While Yang doesn’t explicitly namecheck Melinda Gates and Mackenzie Scott, the now former wives of Bill Gates and Jeff Bezos respectively, Yang does refer to the “real life analogs” to the character of Molly.
Rudolph had already worked with Yang and Hubbard on Forever, so they knew she could pull off the comedy and the pathos of a woman who has emerged from an emotional trauma and a long-term relationship to find herself on her own, cashed up and with a journey of self-discovery.
“We don’t have billions of dollars, well most of us don’t, and we don’t have access to that sort of wealth but I think everyone can relate to a break-up, and with someone you built a life with for 20 years.
“What is the challenge in your life coming back from that? Especially when you add on top of that, your spouse or partner was this person who was your whole world, and was such an important, powerful figure on a global scale and in some ways, you’ve been that person’s plus-one.
“In the back of your mind, in the deep, dark recesses of when you’re going to bed at night, you’ve probably thought, ‘Is there more to life than this? Is there something more I can offer, as me?’

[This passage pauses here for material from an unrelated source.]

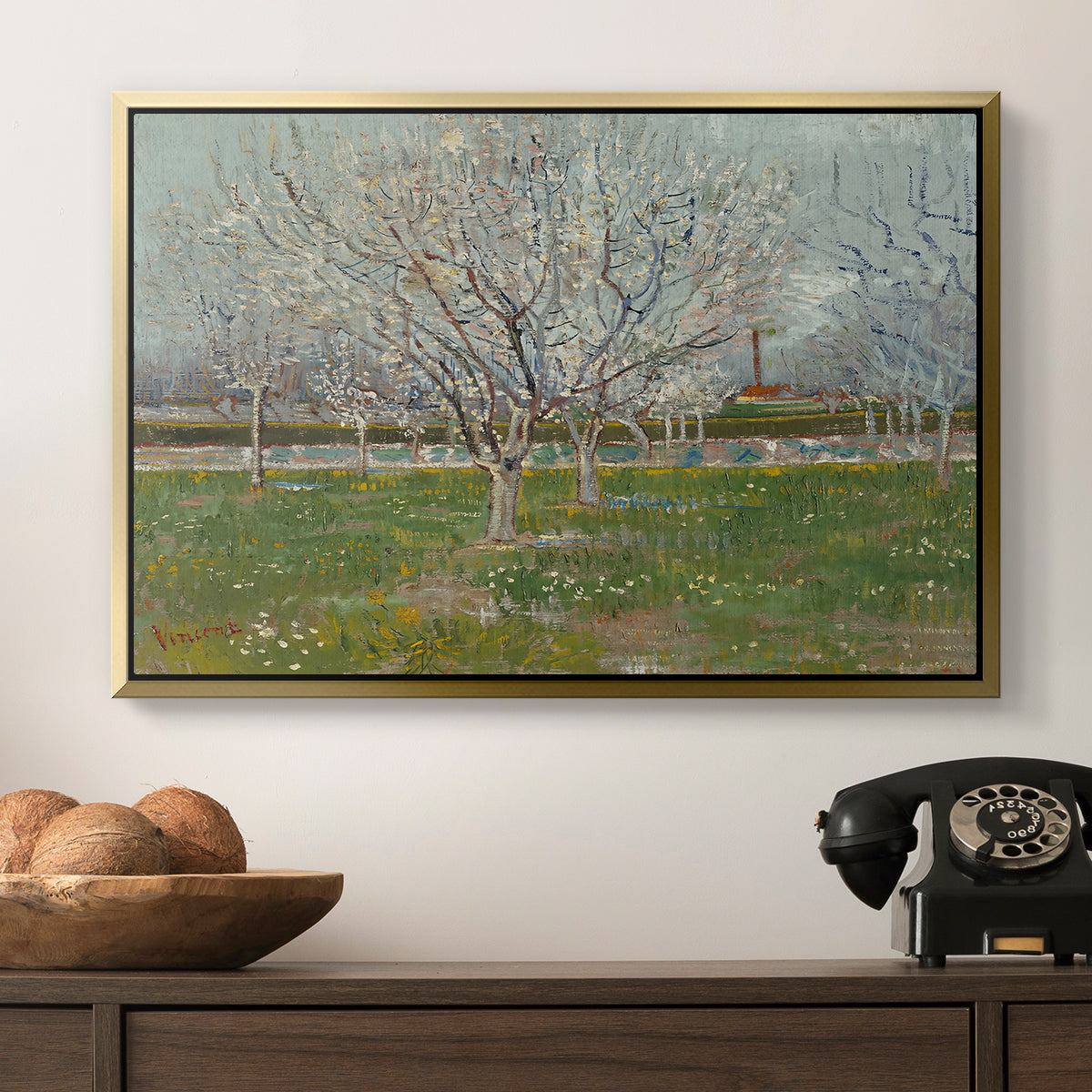 Orchard in Blossom (Plum Trees), 1888 - Floater Framed Canvas Print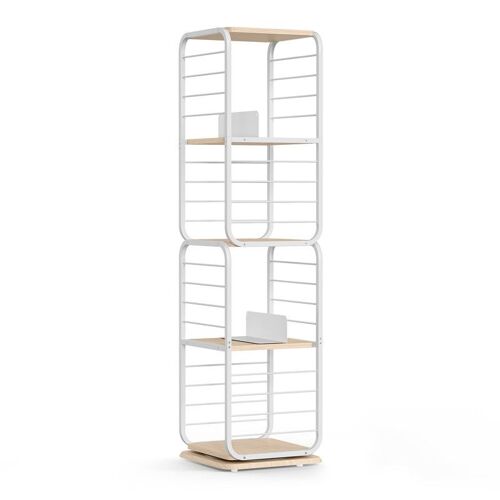 Bibliothèques Tournante Avec Serre-Livres Beige Naturel Et Blanc Nuage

“This character is asking herself, ‘Do I have a greater purpose, is there somewhere else I can go, what’s the rest of my journey?’”
That’s the heart of Loot. The ideas part comes in stealthily challenging the effect of extreme wealth, examining it through how Molly’s personal journey intersects with awareness of widening inequality.
“I know that sounds grand in some ways but that’s the best case scenario in this show. It’s a kind of Trojan horse, this idea of taking a look at why inequality is taking place, who these billionaires are, what they’re doing with the world.
“If you make it to the finale of season one, you’ll see that even Molly herself goes under some sort of reckoning and has a little bit of change.”